[Provided records — start]
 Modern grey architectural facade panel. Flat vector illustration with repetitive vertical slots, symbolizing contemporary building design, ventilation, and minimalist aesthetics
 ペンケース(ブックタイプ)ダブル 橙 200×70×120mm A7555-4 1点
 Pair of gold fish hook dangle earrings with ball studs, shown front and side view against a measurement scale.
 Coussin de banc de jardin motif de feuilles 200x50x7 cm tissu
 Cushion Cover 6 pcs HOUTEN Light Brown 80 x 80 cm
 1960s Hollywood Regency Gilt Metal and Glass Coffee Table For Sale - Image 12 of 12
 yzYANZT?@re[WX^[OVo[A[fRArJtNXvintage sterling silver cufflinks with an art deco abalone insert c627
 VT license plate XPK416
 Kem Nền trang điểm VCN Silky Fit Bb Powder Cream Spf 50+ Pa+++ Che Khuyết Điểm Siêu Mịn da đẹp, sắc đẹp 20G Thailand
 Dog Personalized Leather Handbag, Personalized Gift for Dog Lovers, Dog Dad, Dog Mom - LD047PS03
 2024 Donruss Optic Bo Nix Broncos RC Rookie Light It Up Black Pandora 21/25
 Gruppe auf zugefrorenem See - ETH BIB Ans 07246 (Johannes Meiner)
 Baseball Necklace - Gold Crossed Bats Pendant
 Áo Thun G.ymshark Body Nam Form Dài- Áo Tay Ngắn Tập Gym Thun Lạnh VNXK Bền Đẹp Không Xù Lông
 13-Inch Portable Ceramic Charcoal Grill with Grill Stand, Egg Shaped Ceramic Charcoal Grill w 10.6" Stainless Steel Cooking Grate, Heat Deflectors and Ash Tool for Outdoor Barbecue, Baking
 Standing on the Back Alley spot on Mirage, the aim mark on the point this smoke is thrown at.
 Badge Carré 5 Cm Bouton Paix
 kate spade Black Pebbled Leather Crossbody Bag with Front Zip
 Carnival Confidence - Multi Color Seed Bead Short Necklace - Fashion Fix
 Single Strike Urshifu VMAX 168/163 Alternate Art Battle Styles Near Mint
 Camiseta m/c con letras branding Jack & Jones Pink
[Provided records — finish]
[Directions]
Repeat exactly the lines from the first line of the records above through the line containing "Baseball Necklace - Gold", both included, and nothing else.

[Exercise solution]
 Modern grey architectural facade panel. Flat vector illustration with repetitive vertical slots, symbolizing contemporary building design, ventilation, and minimalist aesthetics
 ペンケース(ブックタイプ)ダブル 橙 200×70×120mm A7555-4 1点
 Pair of gold fish hook dangle earrings with ball studs, shown front and side view against a measurement scale.
 Coussin de banc de jardin motif de feuilles 200x50x7 cm tissu
 Cushion Cover 6 pcs HOUTEN Light Brown 80 x 80 cm
 1960s Hollywood Regency Gilt Metal and Glass Coffee Table For Sale - Image 12 of 12
 yzYANZT?@re[WX^[OVo[A[fRArJtNXvintage sterling silver cufflinks with an art deco abalone insert c627
 VT license plate XPK416
 Kem Nền trang điểm VCN Silky Fit Bb Powder Cream Spf 50+ Pa+++ Che Khuyết Điểm Siêu Mịn da đẹp, sắc đẹp 20G Thailand
 Dog Personalized Leather Handbag, Personalized Gift for Dog Lovers, Dog Dad, Dog Mom - LD047PS03
 2024 Donruss Optic Bo Nix Broncos RC Rookie Light It Up Black Pandora 21/25
 Gruppe auf zugefrorenem See - ETH BIB Ans 07246 (Johannes Meiner)
 Baseball Necklace - Gold Crossed Bats Pendant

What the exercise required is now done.